O trabalho de Haverty é um equilíbrio precário entre a beleza e a repulsa. Utilizando técnicas tradicionais como aguarela e caneta esferográfica em papel, ele cria mundos fantásticos habitados por criaturas híbridas que parecem surgir dos pesadelos coletivos da nossa época. As suas composições densas, coloridas e carregadas de pequenos pormenores exigem uma atenção constante. Cada centímetro quadrado conta uma história diferente, como uma série de mini-romances visuais interligados.
O que realmente distingue Haverty é o seu método de criação. Piloto da American Airlines, ele frequentemente trabalha em salas de descanso de aeroportos e quartos de hotel. Esta existência nómada levou-o a desenvolver uma abordagem única: recorta os seus desenhos e cola-os em vinil para criar colagens evolutivas que podem ser reorganizadas infinitamente. A sua peça “Gangrene” é literalmente uma infeção artística que se espalha e devora o espaço ao seu redor.
O título “Gangrene” não foi escolhido ao acaso. Tal como a infeção que corrói a carne se não for tratada, Haverty mostra-nos uma sociedade corroída pela sobrepopulação, consumo excessivo, poluição e guerras. Ele lembra-nos que, se deixarmos esses problemas sem supervisão, inevitavelmente nos destruirão. É um aviso visual, um grito de alarme disfarçado de festa para os olhos.
Esta visão apocalíptica não deixa de recordar as pinturas de Jérôme Bosch, um dos artistas que influenciam Haverty. Mas onde Bosch estava obcecado pelo pecado e condenação num contexto religioso medieval, Haverty transpõe essas preocupações para a nossa época contemporânea e as suas ansiedades próprias: a globalização, o impacto humano no ambiente, o caos político.

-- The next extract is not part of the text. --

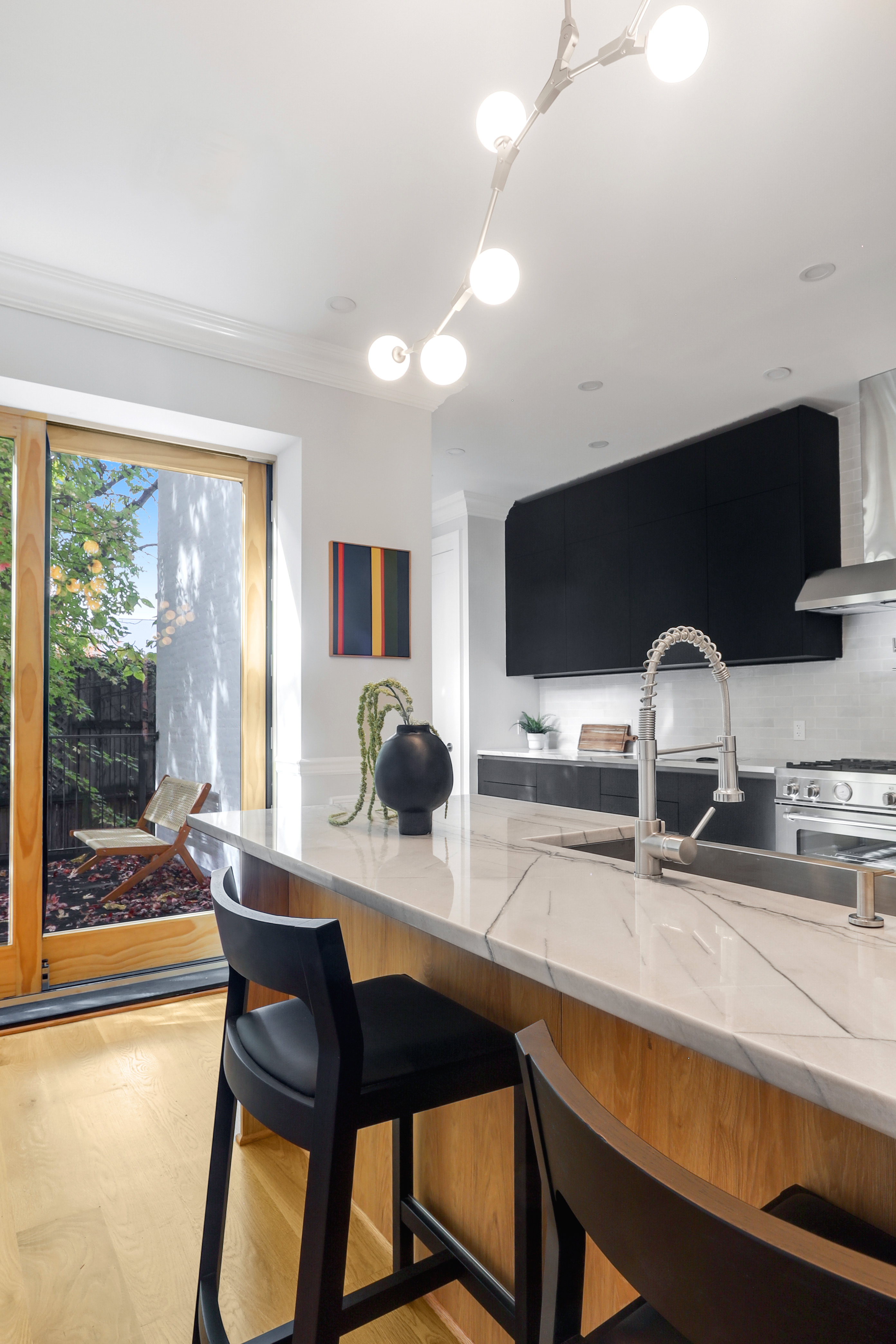220 Lewis Avenue Brooklyn, NY 11221 - Photo 8 of 22 a kitchen with a table and chairs in it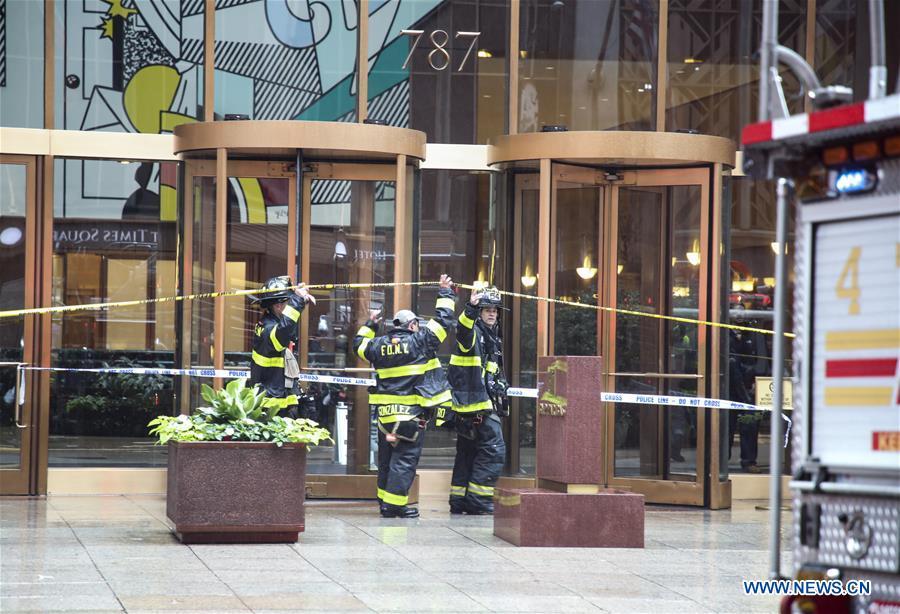 Fire fighters enter the building where a helicopter crashed in Manhattan, New York, the United States, June 10, 2019. One person was killed after a helicopter crashed onto the roof of a skyscraper in Midtown Manhattan of New York City Monday afternoon, according to media reports. (Xinhua/Wang Ying)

A densidade gráfica das suas obras pertence ao horror vacui, esse medo do vazio que impulsiona a preencher cada espaço disponível. Esta abordagem visual é particularmente pertinente na nossa época de sobrecarga informacional, onde os nossos cérebros são constantemente bombardeados por estímulos. Haverty não deixa nenhum descanso visual, nenhum espaço para respirar. Ele obriga-nos a absorver tudo, tal como somos forçados a absorver o fluxo constante de informações alarmantes do nosso quotidiano mediático.
Vamos tirar um momento para examinar o seu processo criativo. “Eu trabalho melhor deixando o meu subconsciente vaguear e manifestar-se livremente”, explica ele. “As canetas servem de vassouras a ilustrar o meu processo de pensamento. Os resultados são frequentemente narrativas ambíguas que são familiares, mas muito exageradas [1].” Este método espontâneo e direto produz obras que parecem tanto planeadas quanto caóticas, como se tivessem evoluído organicamente em vez de serem conscientemente construídas.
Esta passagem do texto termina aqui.